Italian delicacies consumed by Trump’s tariffs war

The pitted olives imported from Sicily are flying off the shelves at an Italian deli on the west side of Scranton, the industrial city in north-eastern Pennsylvania. But Paul Catalano, the outspoken 76-year old owner of the family business, which has operated in the neighbourhood for nearly a century, cannot rest easy. 

If the Trump administration imposes threatened tariffs on EU goods in retaliation for subsidies granted to Airbus, the European aerospace company, Italian food products ranging from those olives to cheese and pasta that account for 40 per cent of Mr Catalano’s store would become more expensive. 

“Once you start raising prices you start losing business,” Mr Catalano said. “That would put a crimp in our sales”. 

Earlier this year, the WTO issued a final ruling authorising the US to impose the tariffs on the EU in the long-running Airbus case. This week arbitrators at the Geneva-based body will set the value of allowed retaliation at up to $8bn — the final hurdle before Washington can press ahead with the punitive measures. 

Although such levies would be fully compliant with WTO rules — as opposed to many of the other tariffs imposed by Mr Trump since taking office — they are nonetheless bound to further increase trade tensions between the US and the EU at a time when they are already severely strained. 

A tit-for-tat escalation is likely, as a parallel case brought by the EU against the US’s subsidisation of Boeing is also in its final stage, and officials in both Washington and Brussels have failed to find an amicable resolution. 

Apart from Italian food, many other delicacies from across the continent — such as French Roquefort and champagne, Irish whiskey and German pork sausages — are also in the line of fire along with manufactured products such as table knives, ceramics, sweaters and suits.

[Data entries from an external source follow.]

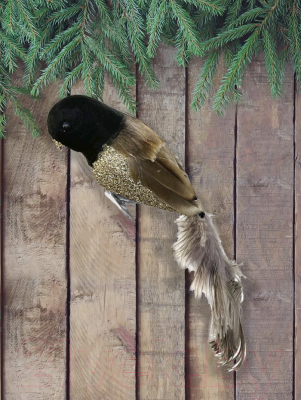 Елочная игрушка Shishi Птица / 60304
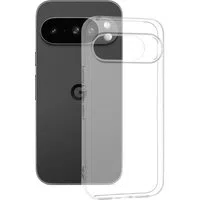 Custodia per Google Pixel 10 Pro XL, Techsuit, Chiara, Trasparente — 3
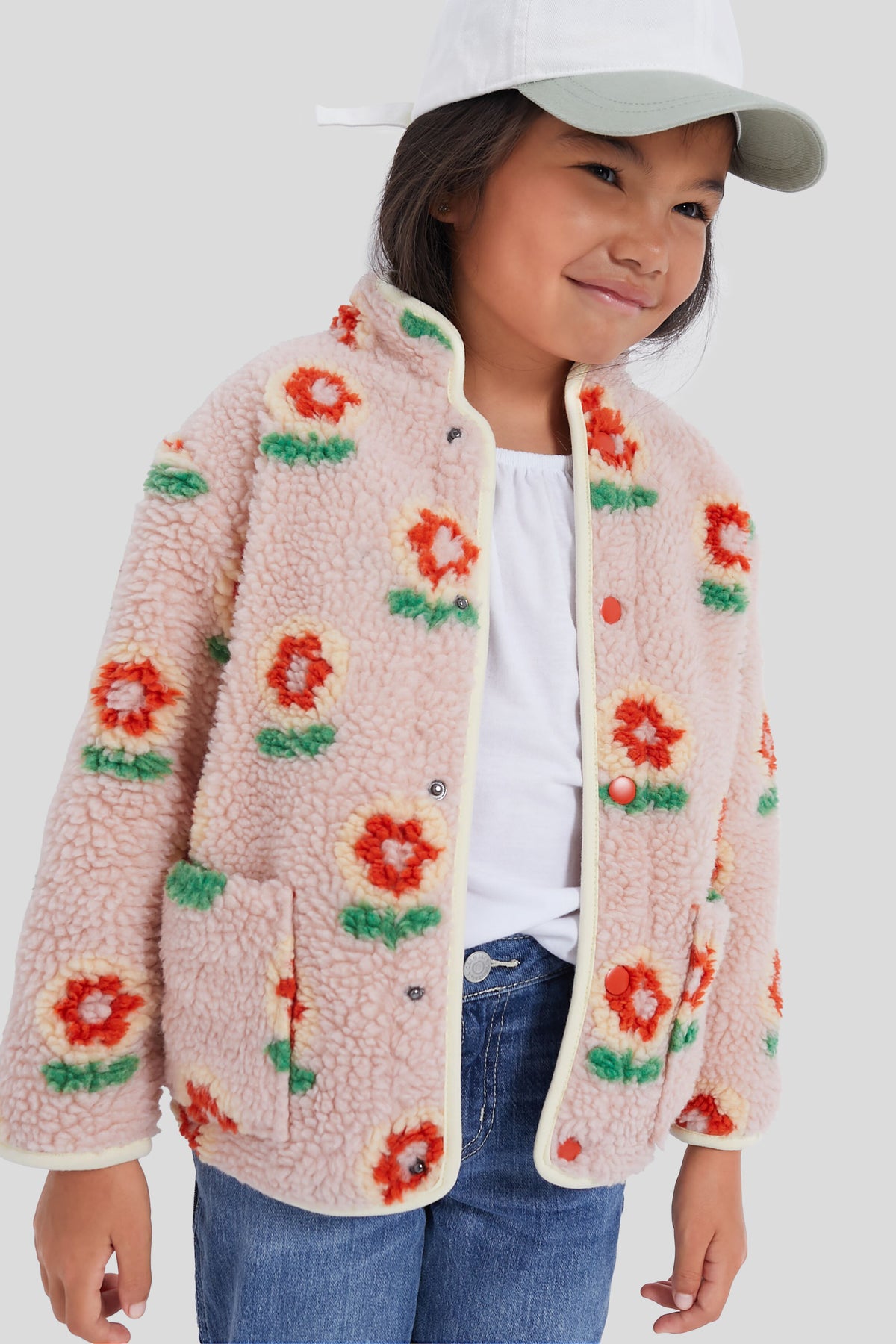 Hello Simone Jacket Margot Helo Fleece Jacket | Hello Simone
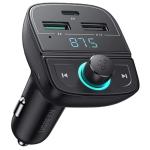 UGREEN 80910 UGREEN 80910 Bluetooth FM Transmitter + Car Charger Flash Drive+TF) (Black)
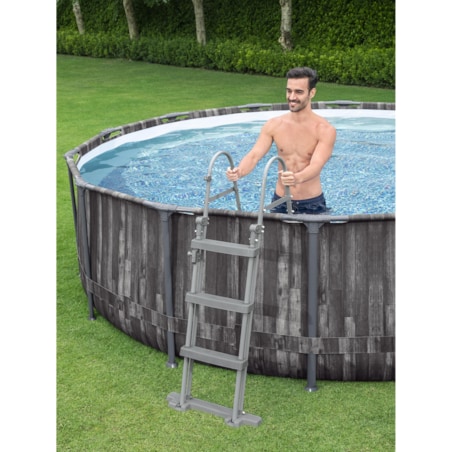 Basen stelażowy ogrodowy 366x100cm Bestway 10w1
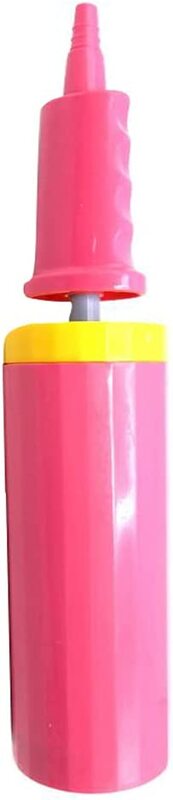 Strong & Beautiful Portable Mini Hand Pump, 30 x 5cm, Pink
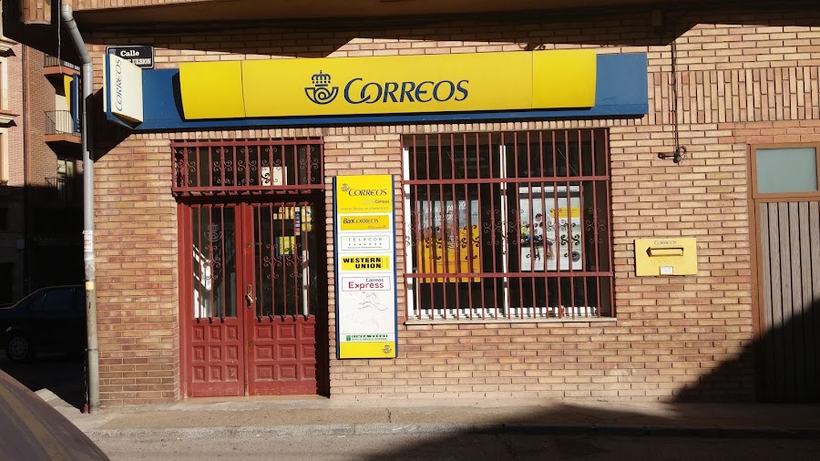 Oficina de Correos en San Leonardo de Yagüe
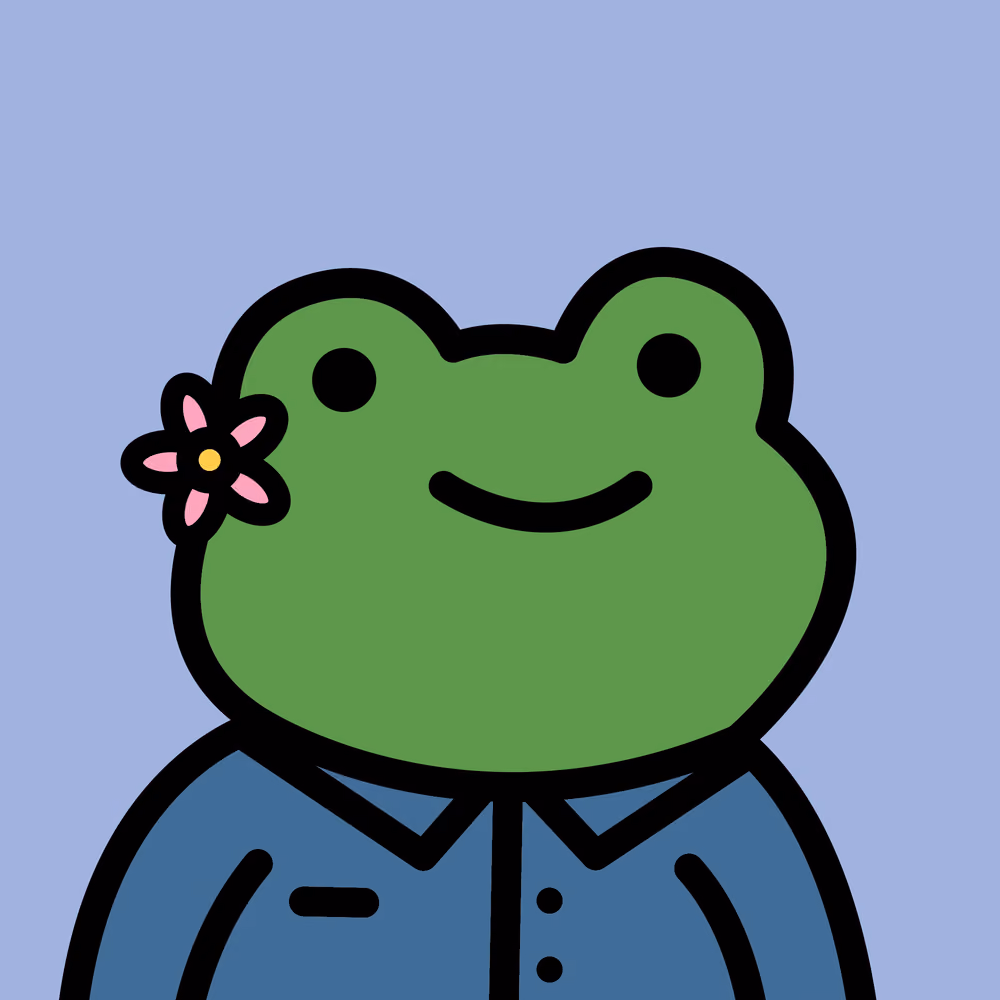 Froggy Friend #4427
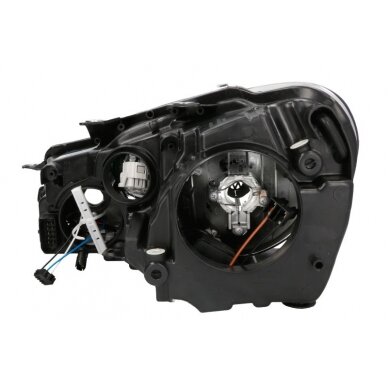 Priekinis žibintas TYC VW Golf Mk6 2008- 1 Priekinis žibintas TYC VW Golf Mk6 2008- 1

Aircraft and helicopters, as well as certain aerospace parts directly related to the Airbus case — are also on the roster. 

But Italian officials and executives as well as Italian-American importers believe they are being unfairly attacked, since Italy is not part of the Airbus consortium, which is composed of France, Germany, Spain and the UK. 

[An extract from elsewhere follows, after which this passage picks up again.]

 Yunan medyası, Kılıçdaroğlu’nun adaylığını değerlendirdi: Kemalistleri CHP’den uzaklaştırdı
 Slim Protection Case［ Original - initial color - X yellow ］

“I agree with this president’s tariffs. The bad actors who illegally subsidise Airbus should be punished. But Italy was not one of them,” said Lou Barletta, a former Republican congressman from Pennsylvania and the head of the American Italian Food Coalition, a lobby group formed to fend off the levies. 

Italian ministers and industry associations are mounting their own campaigns against the tariffs ahead of a visit by Mike Pompeo, the US secretary of state, to Rome this week to meet with Prime Minister Giuseppe Conte. Stefano Berni, the director-general of the Consorzio Grana Padano, the trade body representing manufacturers of the cheese, said his members were ready to protest in front of US military bases in Italy, including Aviano, in north-eastern Italy. 

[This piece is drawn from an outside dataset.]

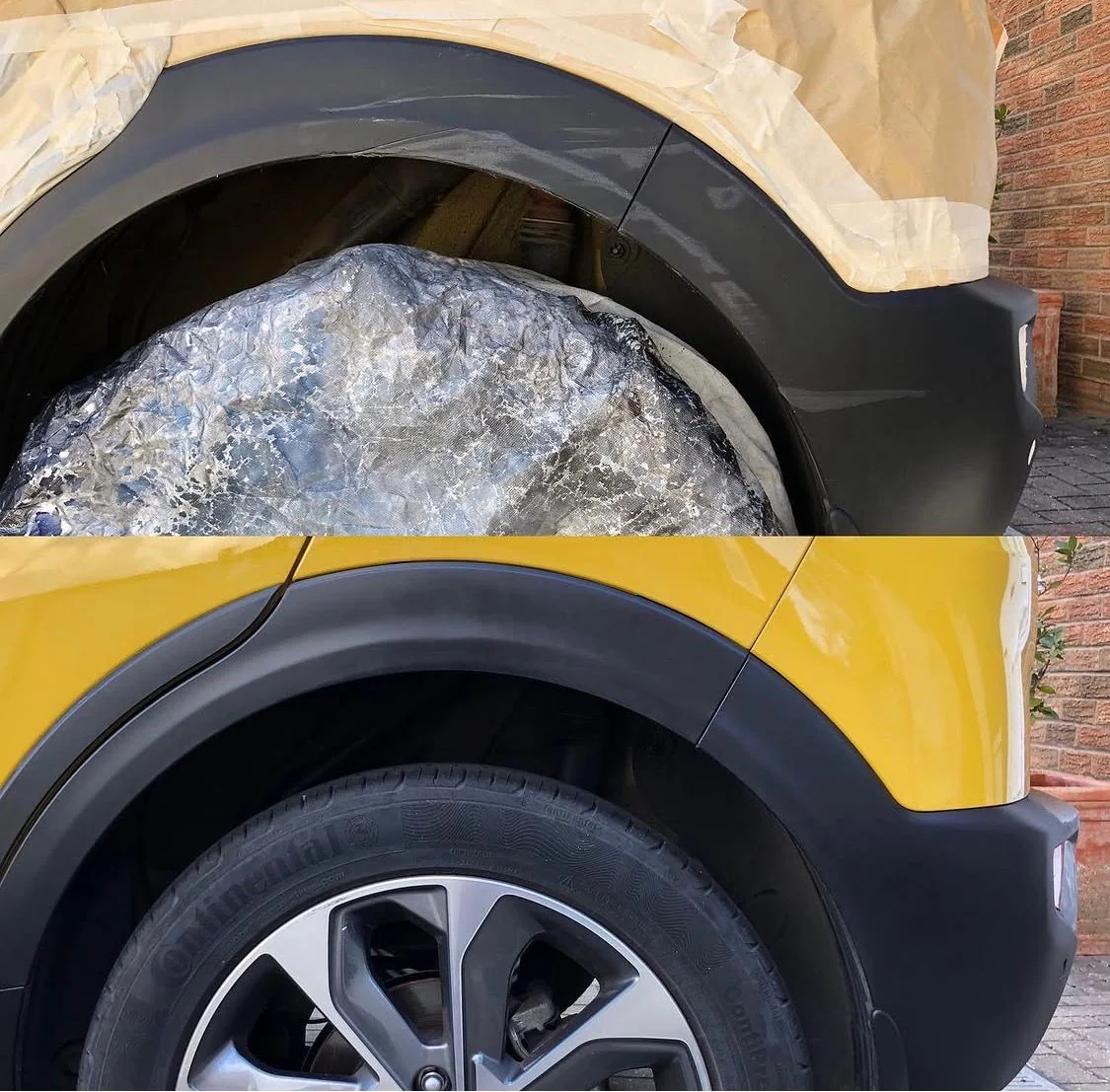 Rear Quarter Panel & Wheel Arch Repair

Nicola Bertinelli, president of Consorzio Parmigiano Reggiano, which represents producers of the well-known cheese, warned that consumption could fall sharply in the US, the second largest importer of Parmigiano in the world after France. This would then have devastating consequences across Europe as the excess supply of cheese flooded the market. “Why should Italy suffer these consequences when it has always been a reliable partner of the United States? Why should we have to pay this unjust tax?” He asked.

Mr Bertinelli’s group recently met with the Italian ambassador to the US and the US Chamber of Commerce to discuss the tariff threat. While it is unclear how the US will implement the tariffs, the Parmigiano producers said they could be rotated among different products. 

The blowback from the US tariffs on Italian cheese could also have domestic political ramifications in a country where angry milk farmers have long been courted by the anti-migrant leader of the League party, Matteo Salvini, who recently left government and is now in opposition. 

Earlier this year, low milk prices prompted protests in Sardinia by farmers who poured gallons of milk on to roads instead of selling it at a price they said was not financially viable. 

Teresa Bellanova, Italy’s agriculture minister, said that the tariffs “would endanger jobs, businesses, families, entire areas”.

“The United States is the most important market for our wines and quality production,” she said. “It is necessary and urgent to strengthen our dialogue with the US administration to avert such a huge risk”. 

Back in Pennsylvania, Mr Barletta’s concern was that the levies would be “hurting Americans”, rather than Italians. “We all have our favourite Italian restaurants, and mom-and-pop businesses — they are part of our communities. Italian food has become part of American culture. What’s America without pasta?” 

Mr Catalano, who sympathises politically with Mr Trump, hopes they can be avoided at the last minute. “If the tariff goes on it will hurt Trump and everybody concerned,” he said. “I think they are smart enough and once they realise that Italy had nothing to do with it they will reconsider.”